Ritchie’s own beginnings with stone go back to a college internship with the Vermont Historical Society, during which she got to put both her love of history and her art skills to use. “Back then we didn’t have digital cameras to shoot artifacts, so I was drawing the items to catalog them,” she says. Her tasks broadened when she was given the opportunity to curate a showcase of old Vermont stone carvers—a rich tradition with substantial roots in Barre, VT.
“As I did the research, I became genuinely fascinated by stone carving,” she recalls. “But I never thought it applied to me.”
After college, Ritchie was living in New York City (“on a friend’s couch”) when a woman from her internship reached out to her about a granite carver back in Vermont who was looking for an apprentice.
The apprenticeship, funded by the Vermont Folk Life Center, would put her side by side with celebrated sculptor George Kurjanowicz.
“It was springtime in New York, and the city was starting to thaw—and smell,” she says, so almost on a whim, she packed up and headed back north to Barre for her first real foray into stone carving.

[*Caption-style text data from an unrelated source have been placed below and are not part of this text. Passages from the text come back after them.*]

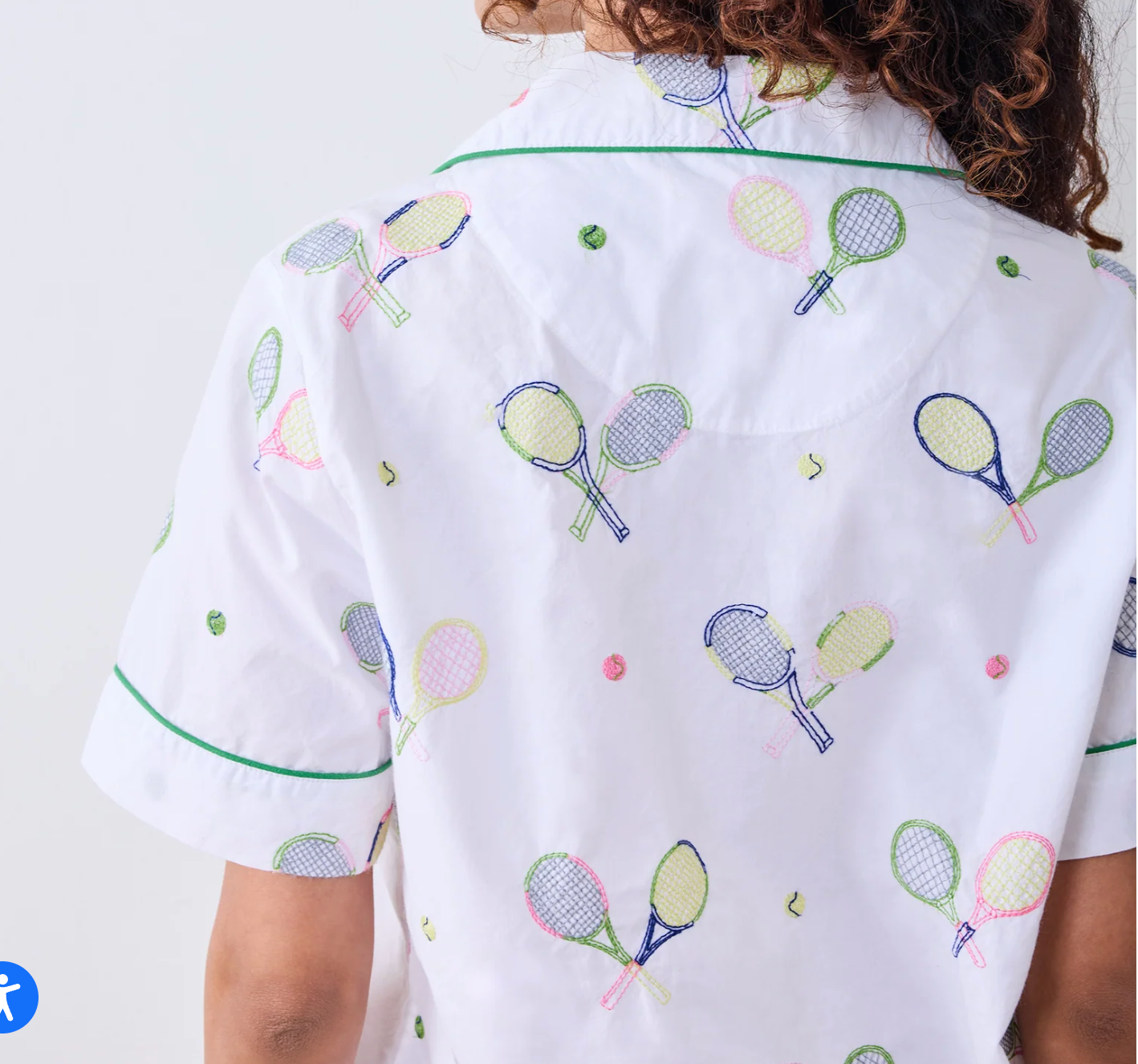 Embroidered Tennis Club Short Pajama Set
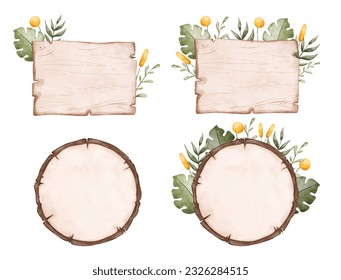 Watercolor Illustration set of wooden board with tropical leaves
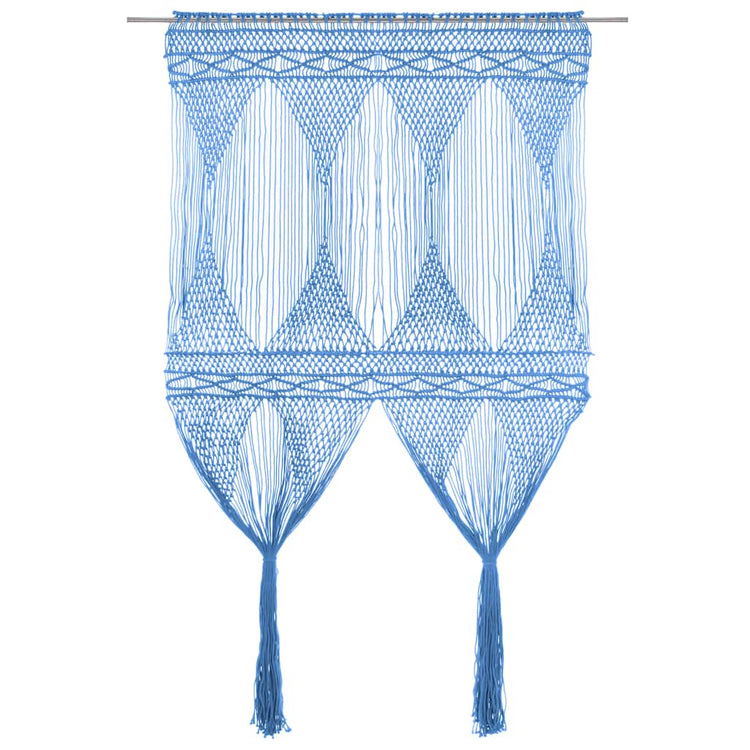 Vidaxl Vorhang Macramé 140x240 cm Baumwollblau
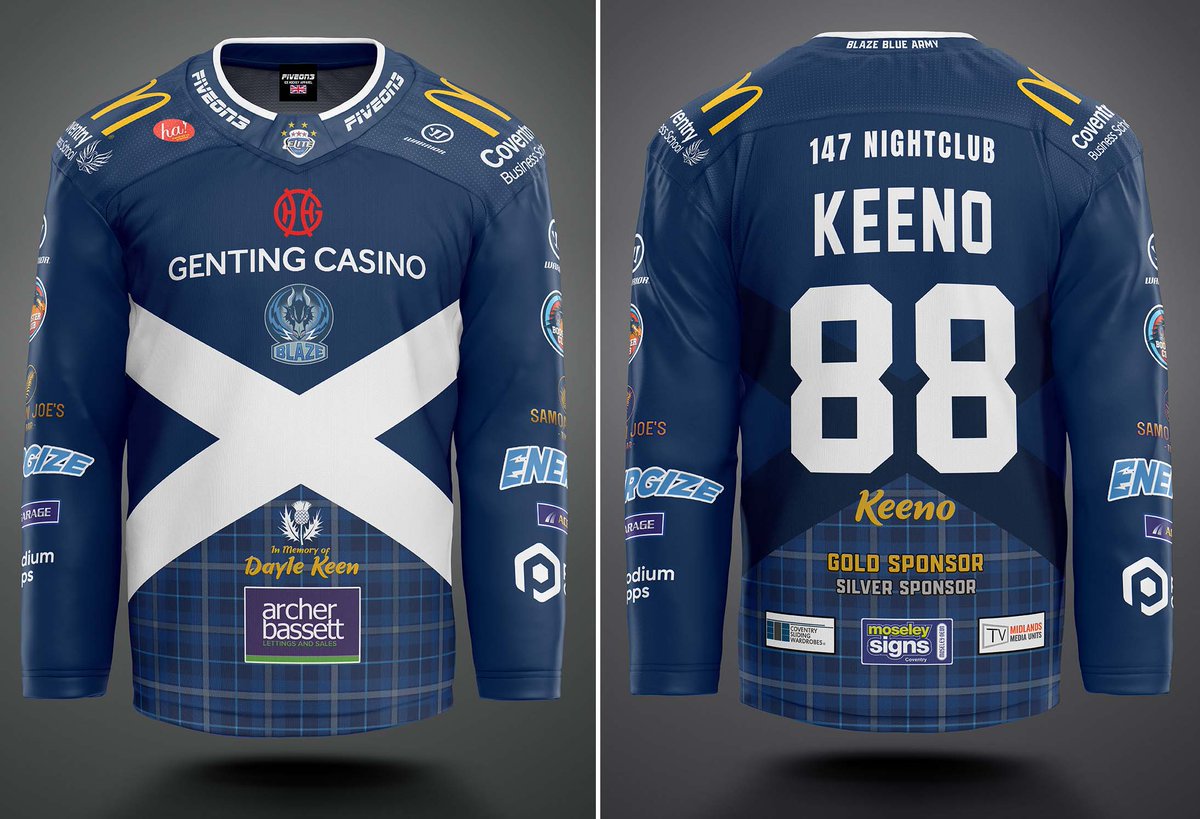 🏴󠁧󠁢󠁳󠁣󠁴󠁿 In memory of the Scotsman, our players will wear specially designed jerseys by <a href="/fiveon3/">Five On 3</a>. 

These will be available for purchase from 6pm TODAY with a donation of the proceeds going to a charity chosen by Keeno’s family.

ℹ️ bit.ly/3CqBog8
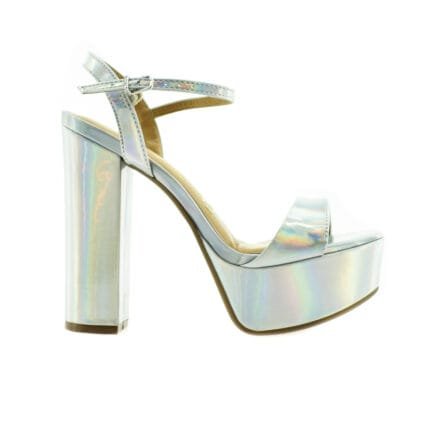 SANDALIA TACO ALTO CON HEBILLA PLATA TORNASOL 35/41 - VIZZANO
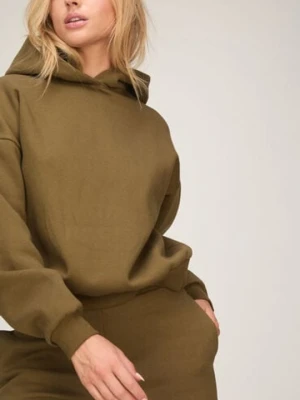 Hunkemöller Bluza z Kapturem z Czesanej Dzianiny Dresowej Zielony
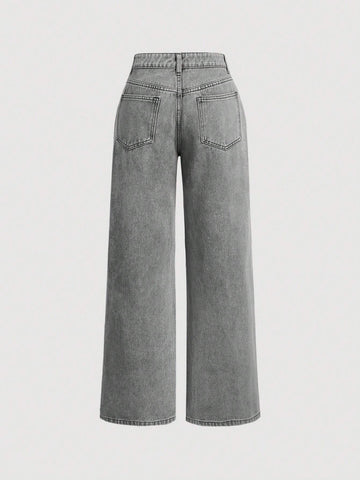 MOD Bow Knot Casual Straight Leg Jeans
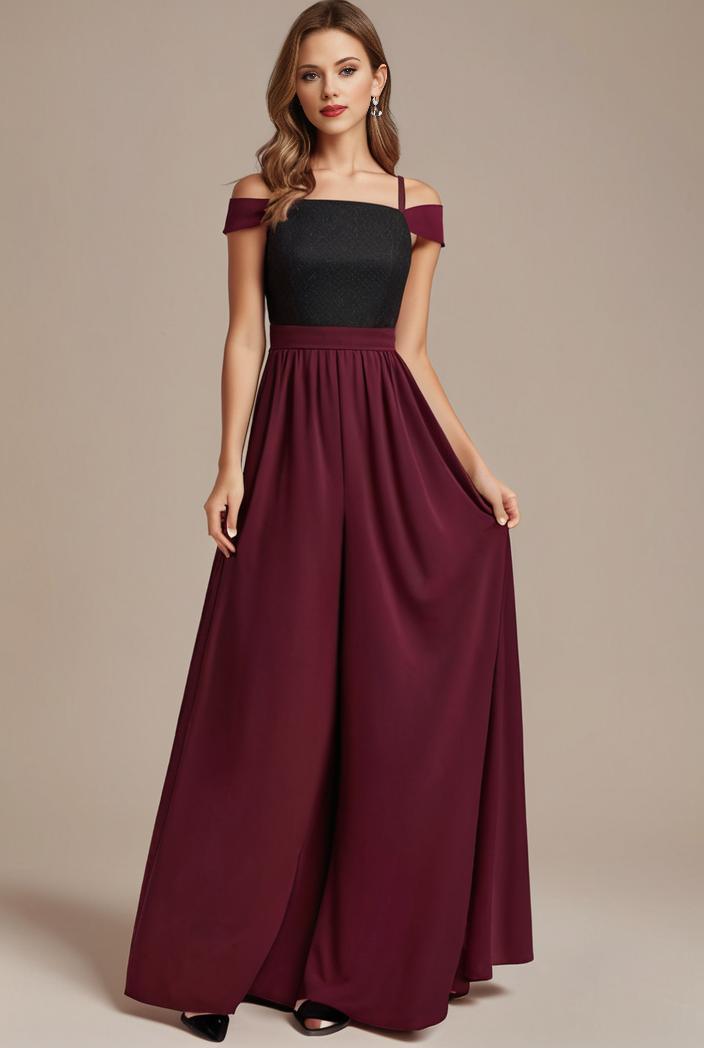 elegant chiffon maxi evening dress with lace cap sleeve 124726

Ritchie found the production-driven environment of Kurjanowicz’s studio immediately challenging. “It was really hard,” she says. “The material, the tools, the process—it was hard. And unlike any kind of sculpture method I’d done, it was all about removal, having to see what needed to go away.”
In spite of being, at the time, the only woman there—for which, she says, she “got a bit of heat”—her tenacity and deep inner drive sustained her through the apprenticeship. And it was how she picked up those virtues of rhythm, endurance, and patience.
“I know what a challenging material granite is for someone considered weak or who doesn’t have the brawn for it,” she says, “because that’s how I felt for the first 10 years. But I kept at it and did my job.”
Ritchie’s body of work includes a series of sculpted bookends and torso fragments that are powerfully feminine (“a combination of hard material and softer content [that] people find titillating”) and explore the human form’s complicated individuality. “In life, love, and struggle, we all share similar states,” she says, “but to each of us the form is unique.”
As a woman in the field, she says, “I definitely feel like I’ve broken ground, and I hope other women confide in me to help them navigate this space, though I don’t know if I can make their journey overall any easier.”
She brings a hardened philosophy, if you will, to the workshops she has begun teaching in AVA’s Bente Building this winter. “I cut through the wishy-washy of making art. I want my students to learn good methods and the basic techniques on the way toward having a creative experience.”
Because although she admits it’s not the most “touchy-feely” medium, Ritchie believes firmly that there’s something very special about working with stone.
No one says it’s going to be easy, but for someone who likes a challenge, all the hard work with this hard material offers lots of reward.